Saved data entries
──────────────────────────────
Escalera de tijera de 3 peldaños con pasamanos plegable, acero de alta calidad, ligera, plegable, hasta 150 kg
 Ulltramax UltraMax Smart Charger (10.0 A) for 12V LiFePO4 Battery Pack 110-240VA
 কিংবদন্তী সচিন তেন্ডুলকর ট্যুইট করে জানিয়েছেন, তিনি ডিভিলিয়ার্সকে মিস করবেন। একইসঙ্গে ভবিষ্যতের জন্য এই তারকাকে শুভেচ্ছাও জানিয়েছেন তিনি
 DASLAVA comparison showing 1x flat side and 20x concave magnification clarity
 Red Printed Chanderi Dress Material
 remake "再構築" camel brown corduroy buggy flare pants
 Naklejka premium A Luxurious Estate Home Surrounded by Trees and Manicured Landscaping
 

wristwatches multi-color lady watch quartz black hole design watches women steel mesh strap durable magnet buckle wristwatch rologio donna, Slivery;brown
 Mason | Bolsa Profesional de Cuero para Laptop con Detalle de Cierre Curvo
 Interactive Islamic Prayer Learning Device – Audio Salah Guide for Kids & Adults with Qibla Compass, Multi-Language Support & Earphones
──────────────────────────────
**INSTRUCTIONS FOR THE TASK:** Output, exactly and with nothing else, the lines from the line containing "Naklejka premium A" to the end of the entries.

**THE COMPLETED TASK:**
 Naklejka premium A Luxurious Estate Home Surrounded by Trees and Manicured Landscaping
 

wristwatches multi-color lady watch quartz black hole design watches women steel mesh strap durable magnet buckle wristwatch rologio donna, Slivery;brown
 Mason | Bolsa Profesional de Cuero para Laptop con Detalle de Cierre Curvo
 Interactive Islamic Prayer Learning Device – Audio Salah Guide for Kids & Adults with Qibla Compass, Multi-Language Support & Earphones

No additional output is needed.